石高とは?
こくだか
石高とは、江戸時代に土地の生産力を米の収穫量(石数)で表した指標で、武士や大名の経済力・格式の基準となりました。
石高(こくだか)とは、田畑や土地の生産力を米の収穫量(石数)で換算して表したものです。日本の封建社会、とりわけ江戸時代に広く用いられた経済・身分制度の基準であり、大名・旗本・御家人の格式や、農民から徴収する年貢の算定基礎ともなりました。
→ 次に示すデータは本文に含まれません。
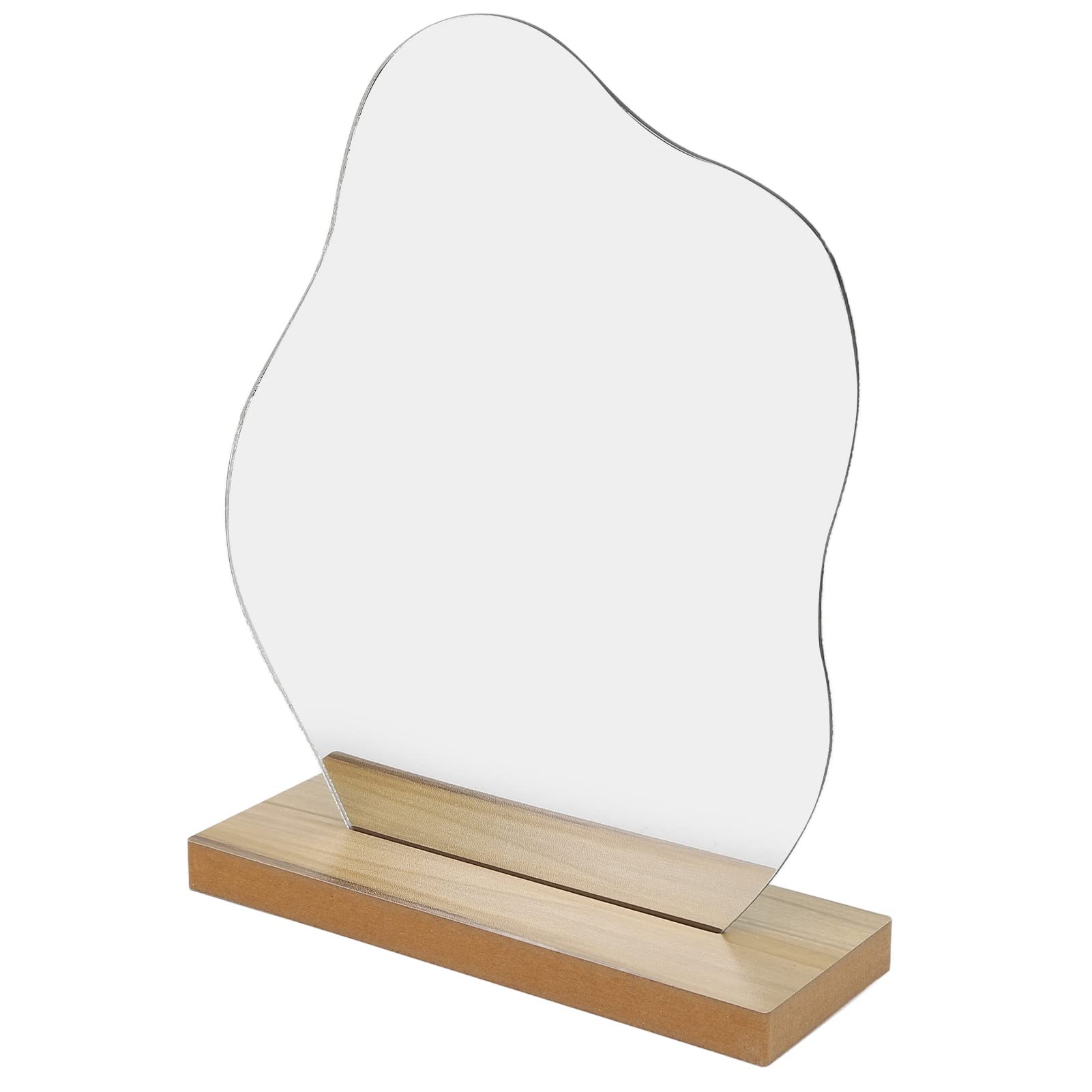 Desktop Makeup Mirror, Lightweight Aesthetic Irregular Easy Installation Durable Portable Acrylic Makeup Mirror with Wooden Base for Home-image-24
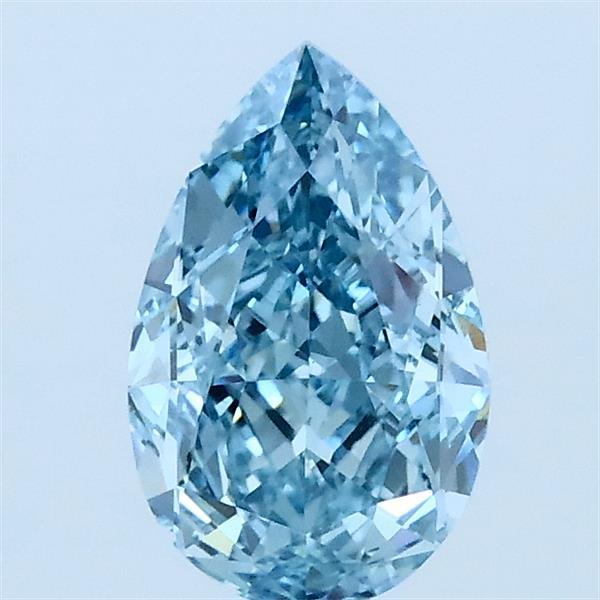 1.03 Carat Pear Lab Grown Diamond, Fancy Intense Blue Color, VVS2 Clarity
単位は「石(こく)」で、1石は約180リットルの米を指し、成人男性がおよそ1年間に消費する米の量に相当するとされています。石高は検地(田畑の測量・調査)によって確定され、豊臣秀吉が全国規模で実施した「太閤検地」によって制度が整備されました。
石高の主な役割は次のとおりです。
- 大名の格付け:「加賀百万石」のように領地の石高が大名の権威を示す
- 年貢の基準:石高の一定割合を年貢として農民が納める
- 武士の俸禄:旗本・御家人の給与も「何石取り」として表現される
- 軍役の算定:石高に応じた兵員・馬・武具の提供義務が課せられる
「〇〇万石の大名」という表現は現代でも時代劇やドラマで耳にします。加賀藩(現在の石川・富山)の約100万石は徳川家に次ぐ最大の外様大名の石高として有名です。明治時代に地租改正が行われると石高制度は廃止され、土地の価格(地価)を基準とした近代的な税制に移行しました。
使い方・例文
「江戸時代、その藩は5万石の石高を持ち、参勤交代にも相応の行列を組む格式があった」のように、歴史的文脈や時代劇の説明で登場します。